6. Can LLMOps be used in any industry?

Yes, LLMOps can be applied in various industries that involve multi-operation systems, such as finance, e-commerce, telecommunications, and healthcare. Any organization that deals with high-volume operations can benefit from implementing LLMOps with Hamilton.

7. Is LLMOps suitable for both small-scale and large-scale systems?

LLMOps is designed to be scalable and adaptable to different system sizes. Whether you have a small-scale or large-scale system, LLMOps with Hamilton can be tailored to meet your specific production prompt engineering needs.

8. Can LLMOps and Hamilton help improve system reliability?

Yes, LLMOps and Hamilton contribute to improved system reliability by providing fault-tolerant infrastructure and efficient processing of multiple operations. By incorporating LLMOps and Hamilton into your production prompt engineering patterns, you can enhance the stability and dependability of your systems.

9. Are there any success stories of implementing LLMOps with Hamilton?
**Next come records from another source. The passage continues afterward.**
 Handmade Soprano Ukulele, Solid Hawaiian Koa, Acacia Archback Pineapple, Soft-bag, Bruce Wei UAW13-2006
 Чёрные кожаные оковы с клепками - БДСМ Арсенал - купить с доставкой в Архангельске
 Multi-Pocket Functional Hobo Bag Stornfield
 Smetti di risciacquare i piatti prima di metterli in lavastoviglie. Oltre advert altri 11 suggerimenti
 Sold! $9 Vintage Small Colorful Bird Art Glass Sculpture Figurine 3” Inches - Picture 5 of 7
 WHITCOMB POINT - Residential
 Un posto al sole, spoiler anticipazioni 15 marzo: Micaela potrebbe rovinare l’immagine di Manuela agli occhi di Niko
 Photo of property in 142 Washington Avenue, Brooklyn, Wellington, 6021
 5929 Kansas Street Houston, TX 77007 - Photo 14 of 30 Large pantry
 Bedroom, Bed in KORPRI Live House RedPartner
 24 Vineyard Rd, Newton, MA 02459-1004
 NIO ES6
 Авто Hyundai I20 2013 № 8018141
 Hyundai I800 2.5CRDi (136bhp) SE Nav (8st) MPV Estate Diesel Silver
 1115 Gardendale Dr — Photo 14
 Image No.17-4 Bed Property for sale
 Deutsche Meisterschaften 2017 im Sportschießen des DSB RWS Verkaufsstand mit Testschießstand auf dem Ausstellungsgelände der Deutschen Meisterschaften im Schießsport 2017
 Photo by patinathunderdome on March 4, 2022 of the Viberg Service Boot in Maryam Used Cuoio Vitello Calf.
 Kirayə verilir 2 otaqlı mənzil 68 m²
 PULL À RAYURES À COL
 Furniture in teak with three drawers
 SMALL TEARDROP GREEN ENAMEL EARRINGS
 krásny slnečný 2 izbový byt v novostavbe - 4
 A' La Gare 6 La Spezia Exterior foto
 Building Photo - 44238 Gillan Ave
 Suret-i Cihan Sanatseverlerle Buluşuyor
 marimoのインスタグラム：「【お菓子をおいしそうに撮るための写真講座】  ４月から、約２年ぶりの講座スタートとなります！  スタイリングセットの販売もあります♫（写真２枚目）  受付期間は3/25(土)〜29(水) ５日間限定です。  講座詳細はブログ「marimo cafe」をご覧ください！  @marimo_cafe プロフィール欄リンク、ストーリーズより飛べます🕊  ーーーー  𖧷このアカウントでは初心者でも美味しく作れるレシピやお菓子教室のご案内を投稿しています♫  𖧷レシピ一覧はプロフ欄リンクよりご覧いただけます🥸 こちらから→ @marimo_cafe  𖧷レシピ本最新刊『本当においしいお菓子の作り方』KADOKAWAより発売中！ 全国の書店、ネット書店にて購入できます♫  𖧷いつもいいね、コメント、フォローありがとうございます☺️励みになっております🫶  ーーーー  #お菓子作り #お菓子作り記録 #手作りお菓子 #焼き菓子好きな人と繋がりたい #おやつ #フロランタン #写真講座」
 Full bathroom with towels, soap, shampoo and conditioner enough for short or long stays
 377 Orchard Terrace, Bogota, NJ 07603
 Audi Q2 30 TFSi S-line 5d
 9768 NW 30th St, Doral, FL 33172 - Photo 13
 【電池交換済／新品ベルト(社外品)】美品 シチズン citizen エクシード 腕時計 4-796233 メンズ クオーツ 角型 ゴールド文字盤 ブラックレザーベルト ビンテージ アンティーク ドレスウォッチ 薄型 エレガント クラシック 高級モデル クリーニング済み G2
Yes, several organizations have successfully implemented LLMOps with Hamilton and achieved significant performance improvements in their production prompt engineering. These success stories demonstrate the effectiveness and value of LLMOps and Hamilton in various industries.

10. How can I get started with LLMOps and Hamilton?

To get started with LLMOps and Hamilton, you can visit the official Hamilton website for documentation, tutorials, and examples. The website provides comprehensive resources to help you understand LLMOps and implement it effectively with Hamilton.